(Data extracted from a collection):
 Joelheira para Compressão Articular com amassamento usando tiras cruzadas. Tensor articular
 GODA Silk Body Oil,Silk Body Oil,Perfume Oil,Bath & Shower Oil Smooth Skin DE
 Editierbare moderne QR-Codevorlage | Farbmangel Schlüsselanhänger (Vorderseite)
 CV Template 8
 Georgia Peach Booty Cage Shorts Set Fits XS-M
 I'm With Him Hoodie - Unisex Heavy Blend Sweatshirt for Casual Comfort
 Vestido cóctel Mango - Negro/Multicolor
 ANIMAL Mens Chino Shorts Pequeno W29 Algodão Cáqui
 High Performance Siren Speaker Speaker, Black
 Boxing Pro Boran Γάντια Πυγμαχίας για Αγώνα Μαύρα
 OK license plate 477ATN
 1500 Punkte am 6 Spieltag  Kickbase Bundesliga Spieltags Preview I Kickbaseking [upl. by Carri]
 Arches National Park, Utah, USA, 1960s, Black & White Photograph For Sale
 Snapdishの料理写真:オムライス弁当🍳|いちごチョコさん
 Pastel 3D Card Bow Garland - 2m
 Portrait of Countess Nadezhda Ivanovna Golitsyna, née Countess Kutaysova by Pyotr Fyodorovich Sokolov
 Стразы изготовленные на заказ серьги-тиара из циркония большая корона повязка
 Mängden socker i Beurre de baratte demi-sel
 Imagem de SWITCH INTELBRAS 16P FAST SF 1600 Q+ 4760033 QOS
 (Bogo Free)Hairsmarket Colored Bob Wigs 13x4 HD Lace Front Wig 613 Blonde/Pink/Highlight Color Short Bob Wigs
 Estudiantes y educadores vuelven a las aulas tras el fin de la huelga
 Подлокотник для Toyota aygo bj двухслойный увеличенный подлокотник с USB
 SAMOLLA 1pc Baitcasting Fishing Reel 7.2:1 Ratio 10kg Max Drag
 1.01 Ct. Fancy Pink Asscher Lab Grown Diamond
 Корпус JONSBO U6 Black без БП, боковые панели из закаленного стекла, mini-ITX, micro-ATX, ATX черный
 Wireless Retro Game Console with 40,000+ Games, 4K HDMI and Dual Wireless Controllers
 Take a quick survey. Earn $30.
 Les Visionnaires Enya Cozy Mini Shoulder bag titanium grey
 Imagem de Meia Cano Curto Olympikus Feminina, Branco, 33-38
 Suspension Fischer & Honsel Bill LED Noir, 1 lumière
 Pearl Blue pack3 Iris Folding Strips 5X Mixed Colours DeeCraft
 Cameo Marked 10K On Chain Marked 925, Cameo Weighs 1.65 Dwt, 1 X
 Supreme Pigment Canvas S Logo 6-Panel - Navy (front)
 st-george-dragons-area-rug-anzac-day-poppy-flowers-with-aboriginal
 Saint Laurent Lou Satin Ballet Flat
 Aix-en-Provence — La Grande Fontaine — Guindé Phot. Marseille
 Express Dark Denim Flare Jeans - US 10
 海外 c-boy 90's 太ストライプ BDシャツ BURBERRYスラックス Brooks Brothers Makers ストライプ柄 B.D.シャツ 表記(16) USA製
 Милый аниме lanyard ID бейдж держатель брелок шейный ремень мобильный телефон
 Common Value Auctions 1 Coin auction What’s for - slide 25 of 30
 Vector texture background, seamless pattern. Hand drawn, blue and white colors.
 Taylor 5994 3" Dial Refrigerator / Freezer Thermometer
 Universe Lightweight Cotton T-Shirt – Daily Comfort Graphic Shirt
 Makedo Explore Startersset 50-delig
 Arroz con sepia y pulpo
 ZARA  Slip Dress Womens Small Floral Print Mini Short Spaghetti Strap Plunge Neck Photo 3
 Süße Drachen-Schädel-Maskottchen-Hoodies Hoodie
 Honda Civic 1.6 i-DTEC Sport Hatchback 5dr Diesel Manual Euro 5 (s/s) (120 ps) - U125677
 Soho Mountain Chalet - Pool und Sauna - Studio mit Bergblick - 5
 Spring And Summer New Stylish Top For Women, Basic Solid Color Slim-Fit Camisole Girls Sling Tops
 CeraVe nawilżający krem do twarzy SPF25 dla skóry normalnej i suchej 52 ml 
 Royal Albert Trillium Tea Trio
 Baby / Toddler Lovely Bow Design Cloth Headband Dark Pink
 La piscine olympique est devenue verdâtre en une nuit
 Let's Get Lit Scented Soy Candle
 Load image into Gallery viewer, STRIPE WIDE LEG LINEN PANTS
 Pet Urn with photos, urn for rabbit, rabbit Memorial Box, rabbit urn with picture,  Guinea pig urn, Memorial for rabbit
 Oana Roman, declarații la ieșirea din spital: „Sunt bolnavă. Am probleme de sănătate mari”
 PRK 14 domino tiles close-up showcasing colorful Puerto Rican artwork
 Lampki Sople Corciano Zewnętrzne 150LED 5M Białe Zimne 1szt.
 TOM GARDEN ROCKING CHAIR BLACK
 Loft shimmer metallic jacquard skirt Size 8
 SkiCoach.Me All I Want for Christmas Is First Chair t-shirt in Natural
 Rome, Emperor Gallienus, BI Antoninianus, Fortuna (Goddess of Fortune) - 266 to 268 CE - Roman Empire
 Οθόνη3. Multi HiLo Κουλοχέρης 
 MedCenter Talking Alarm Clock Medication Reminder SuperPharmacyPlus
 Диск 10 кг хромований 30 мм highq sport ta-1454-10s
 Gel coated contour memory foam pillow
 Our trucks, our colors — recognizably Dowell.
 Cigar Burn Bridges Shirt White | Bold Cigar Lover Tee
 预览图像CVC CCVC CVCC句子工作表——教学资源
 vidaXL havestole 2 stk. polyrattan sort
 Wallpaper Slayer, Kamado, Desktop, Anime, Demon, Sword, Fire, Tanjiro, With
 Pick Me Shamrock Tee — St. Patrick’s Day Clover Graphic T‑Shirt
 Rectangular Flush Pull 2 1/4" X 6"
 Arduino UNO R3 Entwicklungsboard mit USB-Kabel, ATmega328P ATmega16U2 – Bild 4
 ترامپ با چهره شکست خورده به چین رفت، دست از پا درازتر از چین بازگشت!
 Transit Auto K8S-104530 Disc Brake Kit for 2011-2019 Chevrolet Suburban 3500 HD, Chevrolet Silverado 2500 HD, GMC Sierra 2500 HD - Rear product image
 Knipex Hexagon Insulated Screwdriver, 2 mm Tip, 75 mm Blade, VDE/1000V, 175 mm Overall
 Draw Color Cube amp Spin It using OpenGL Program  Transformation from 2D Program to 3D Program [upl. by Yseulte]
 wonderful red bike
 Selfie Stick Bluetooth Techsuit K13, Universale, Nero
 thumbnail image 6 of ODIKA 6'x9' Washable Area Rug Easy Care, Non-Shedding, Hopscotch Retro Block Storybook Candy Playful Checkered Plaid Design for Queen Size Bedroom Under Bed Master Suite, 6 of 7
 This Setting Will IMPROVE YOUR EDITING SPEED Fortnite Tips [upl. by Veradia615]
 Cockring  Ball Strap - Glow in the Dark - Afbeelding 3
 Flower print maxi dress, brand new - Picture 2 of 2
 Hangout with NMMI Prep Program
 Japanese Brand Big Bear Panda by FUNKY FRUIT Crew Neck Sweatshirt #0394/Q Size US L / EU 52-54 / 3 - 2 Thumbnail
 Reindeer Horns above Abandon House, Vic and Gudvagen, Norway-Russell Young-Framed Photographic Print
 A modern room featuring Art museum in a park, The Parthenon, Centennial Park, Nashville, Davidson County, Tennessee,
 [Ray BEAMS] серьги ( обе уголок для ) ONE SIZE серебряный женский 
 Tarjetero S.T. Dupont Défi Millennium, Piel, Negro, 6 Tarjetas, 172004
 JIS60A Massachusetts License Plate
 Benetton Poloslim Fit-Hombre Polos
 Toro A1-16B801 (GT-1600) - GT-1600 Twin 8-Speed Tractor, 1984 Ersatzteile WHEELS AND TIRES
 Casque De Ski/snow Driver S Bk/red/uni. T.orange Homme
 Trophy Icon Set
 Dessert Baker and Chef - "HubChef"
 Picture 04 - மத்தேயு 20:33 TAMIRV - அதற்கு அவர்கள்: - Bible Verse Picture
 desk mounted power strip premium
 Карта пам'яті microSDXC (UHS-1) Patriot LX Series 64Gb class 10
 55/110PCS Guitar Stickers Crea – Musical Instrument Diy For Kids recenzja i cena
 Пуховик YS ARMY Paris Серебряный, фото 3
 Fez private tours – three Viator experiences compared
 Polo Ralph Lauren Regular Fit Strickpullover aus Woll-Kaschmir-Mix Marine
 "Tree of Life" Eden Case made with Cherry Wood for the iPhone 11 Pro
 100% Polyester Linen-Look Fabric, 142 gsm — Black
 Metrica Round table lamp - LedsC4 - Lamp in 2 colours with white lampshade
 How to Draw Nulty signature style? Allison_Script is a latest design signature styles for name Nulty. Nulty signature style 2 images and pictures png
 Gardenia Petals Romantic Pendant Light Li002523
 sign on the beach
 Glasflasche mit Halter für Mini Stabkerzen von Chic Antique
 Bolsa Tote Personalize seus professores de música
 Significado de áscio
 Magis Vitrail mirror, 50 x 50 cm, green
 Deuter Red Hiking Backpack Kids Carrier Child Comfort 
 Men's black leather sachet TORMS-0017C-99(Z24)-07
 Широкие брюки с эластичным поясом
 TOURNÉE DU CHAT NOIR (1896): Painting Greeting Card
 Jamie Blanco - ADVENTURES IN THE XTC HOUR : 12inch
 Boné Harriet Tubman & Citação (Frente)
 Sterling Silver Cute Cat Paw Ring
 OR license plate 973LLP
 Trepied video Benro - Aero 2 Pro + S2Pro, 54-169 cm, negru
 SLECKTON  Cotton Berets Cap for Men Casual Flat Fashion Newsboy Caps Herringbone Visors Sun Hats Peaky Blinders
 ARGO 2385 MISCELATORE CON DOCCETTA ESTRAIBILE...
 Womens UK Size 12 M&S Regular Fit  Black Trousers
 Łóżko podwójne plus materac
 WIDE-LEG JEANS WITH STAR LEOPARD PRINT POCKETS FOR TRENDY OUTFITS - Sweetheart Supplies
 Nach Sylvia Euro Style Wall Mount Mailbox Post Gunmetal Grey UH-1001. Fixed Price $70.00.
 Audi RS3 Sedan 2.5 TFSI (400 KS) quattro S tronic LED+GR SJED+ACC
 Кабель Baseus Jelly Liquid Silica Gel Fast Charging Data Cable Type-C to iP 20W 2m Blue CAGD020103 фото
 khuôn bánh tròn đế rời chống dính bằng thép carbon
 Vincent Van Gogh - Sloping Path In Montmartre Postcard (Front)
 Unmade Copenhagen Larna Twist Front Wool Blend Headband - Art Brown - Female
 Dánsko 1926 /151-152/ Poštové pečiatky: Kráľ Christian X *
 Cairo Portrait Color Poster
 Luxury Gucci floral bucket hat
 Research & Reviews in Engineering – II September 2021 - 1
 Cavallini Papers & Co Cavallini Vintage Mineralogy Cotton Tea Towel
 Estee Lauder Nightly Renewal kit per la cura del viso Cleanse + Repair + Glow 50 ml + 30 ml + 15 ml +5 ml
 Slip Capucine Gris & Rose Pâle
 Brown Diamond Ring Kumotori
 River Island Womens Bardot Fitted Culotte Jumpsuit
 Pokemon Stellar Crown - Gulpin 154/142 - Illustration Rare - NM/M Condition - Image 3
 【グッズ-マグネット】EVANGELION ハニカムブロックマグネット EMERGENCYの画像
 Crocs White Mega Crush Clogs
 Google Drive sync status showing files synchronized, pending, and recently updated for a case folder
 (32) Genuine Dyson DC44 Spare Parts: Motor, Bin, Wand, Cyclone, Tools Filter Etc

(HOW TO COMPLETE THIS TASK): Return, word for word, the lines of the data above from the line with "Knipex Hexagon Insulated" through the line with "Selfie Stick Bluetooth", inclusive.

(EXERCISE SOLUTION):
 Knipex Hexagon Insulated Screwdriver, 2 mm Tip, 75 mm Blade, VDE/1000V, 175 mm Overall
 Draw Color Cube amp Spin It using OpenGL Program  Transformation from 2D Program to 3D Program [upl. by Yseulte]
 wonderful red bike
 Selfie Stick Bluetooth Techsuit K13, Universale, Nero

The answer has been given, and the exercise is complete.